HPC Power Management
My Ph.D. work was on power scheduling for high performance computing (HPC) systems. A single energy efficient large scale HPC system is capable of consuming upwards of 10 megawatts of power, though generally these systems consume only 70% of their maximum. The rate of energy consumption can change substantially and rapidly (several megawatts in under a second) which can create a significant problem for the power grid. My work looks at how to tightly enforce a variable upper bound on total system power consumption.
Realtime Distributed System Introspection
The power scheduling work grew out of my interests in realtime introspection for large scale distributed systems. Large scale computing systems are composed of many geographically dispersed nodes. Management and operations of these platforms can be extremely challenging since errors and poor performance may involve complex interactions between a large number of nodes.
Colorado College Teaching
2017-2018 Academic Year
- Block 1 - Non-teaching
- Block 2 - Parallel Programming
- Block 3 - Capstone Project
- Block 4 - Computer Science 2
- Half-block - Computer Language as Language
- Block 5 - Computer Science 1
- Block 6 - Non-teaching
- Block 7 - Computer Science 1
- Block 8 - Computational Thinking
- Block B - Computational Thinking
Colorado College Projects
HPC computing resources are a useful resource for scientific research and education. Using hardware generously provided by ITS, I built and operate the Math and Computer Science Computational Network (mcscn). This cluster is available to support student and class projects needing compute resource beyond those provided by a commodity laptop.
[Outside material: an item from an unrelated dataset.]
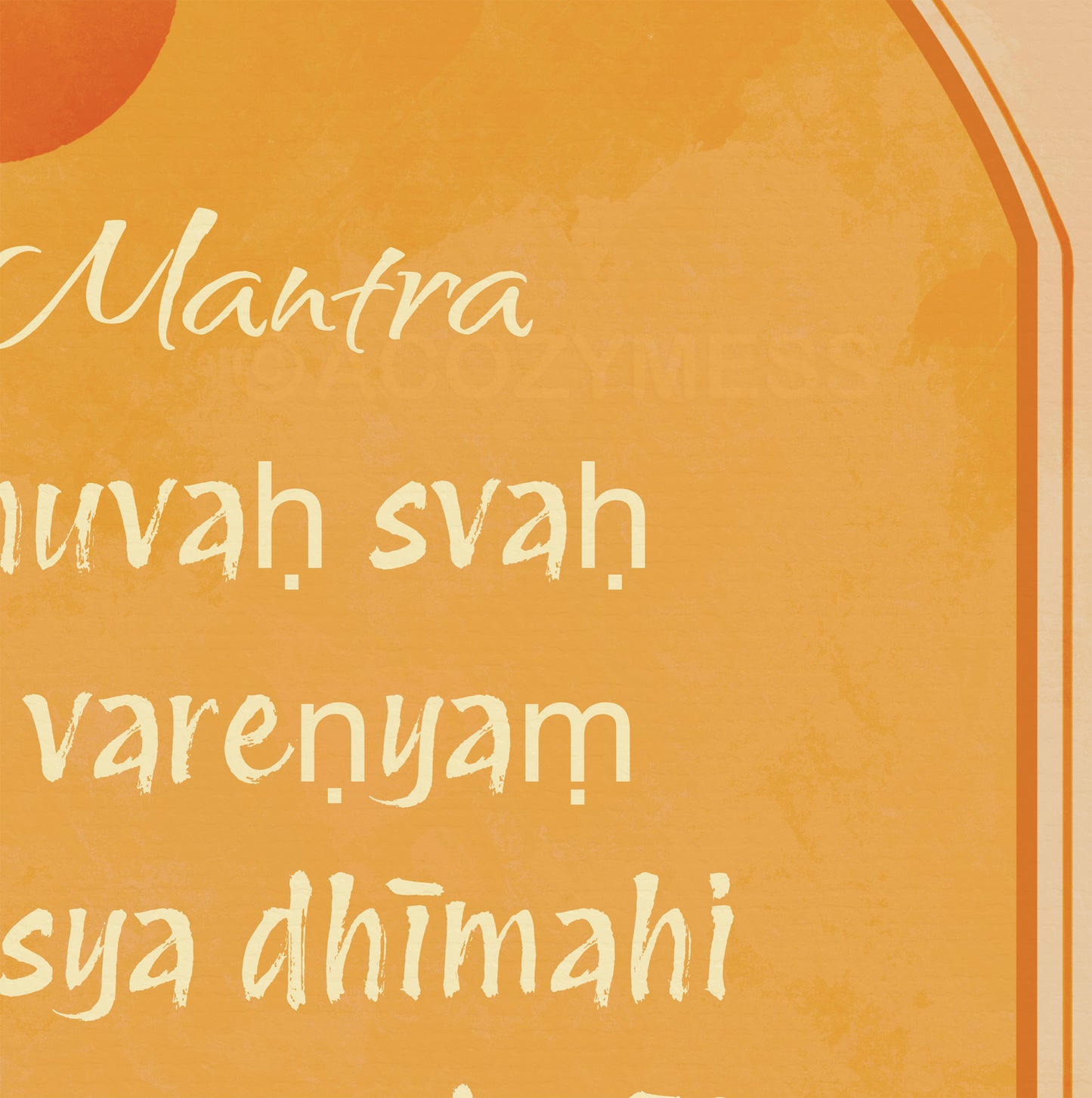 Gayatri Mantra Print, Spiritual Wall Art, Yoga Room Decor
Some additional information on mcscn can be found here.
- Simulating Power Scheduling at Scale (E2SC 2017)
- A Unified Platform for Exploring Power Management Strategies (E2SC 2016)
- Systemwide Power Management with Argo (HPPAC 2016)
- Dynamic Power Sharing for Higher Job Throughput (SC 2015)
- POW: System-wide Dynamic Reallocation of Limited Power in HPC (HPDC 2015)
- Production Hardware Overprovisioning: Real-World Performance Optimization Using an Extensible Power-Aware Resource Management Framework (IPDPS 2017)
- A Scalable Observation System for Introspection and In Situ Analytics (ESPT 2016)
Graduate School Era - 2011-2017
Teaching - Instructor of Record
- CIS322 Introduction to Software Engineering - Winter 2017
- CIS122 - Summer 2013
Teaching - Teaching Assistent
- CIS210 - Winter 2016, Fall 2012, Winter 2012, Fall 2011
- CIS410 - Spring 2014
- CIS211 - Winter 2013, Spring 2013
- CIS110 - Spring 2012
Teaching - Special Projects
- CIS410 Spring 2014 - Designed the Parallel Programming labs and projects
- CIS210 Fall 2013 - Designed the lab component to complement the lectures
- CIS210 Fall 2012 - Assisted in an experimental delivery of CIS210 as a bilingual course using both Python and JAVA
- Summer/Fall 2016 - LLNL - Implementation of RMAP and PowSched algorithms as SLURM plugins
- Summer 2015 - LLNL - Wrote a decoupled power scheduling solution for evaluation
- Summer 2014 - LLNL - Built a hierarchical publish/subscribe system for introspection and control at scale
- Summer 2013 - EGI - Ported a scientific code to OpenCL
Industry Era - 2005-2011
Between my undergraduate and graduate studies, I ran a micro-company in the DC metro area. The projects I worked on fell into three basic categories: big data, operational support systems, and professional training.
Big Data Projects
The largest system I worked on could ingest 2.5 terabytes of operational data per day, 30000 records per second from sources distributed all over the world, and report on events within 40 seconds of occurrence via a relational database. A custom ETL framework was developed to support the rate of data ingestion and deliver high availability. Presenting the data through a traditional relational database provided data consistency and an ability to easily present and analyze the data in the context of other business data.
Several systems of this shape were built different customers, tailoring to their specific business needs and enterprise information architectures. These systems reduced customer service costs, automatically detected misconfigurations, analyzed internal network traffic, and supported information security activities.
Operational Support Systems
Operational support systems (OSSes) are the business applications that track and manage business processes that involve both automated and manual components. My first OSS project was a 12 week project that handled order intake and tracking for a small company. I was responsible for requirements gathering, system implementation, migration of legacy data, and training. The system freed 1 full-time employee, improved customer satisfaction, and enabled a business model for the customer.
College Era - 1998-2005
During my undergrad I worked as a web developer, linux systems administrator, and help desk technician for various departments at the University of Oregon. I also did a little work in support of research efforts in software analysis and networking.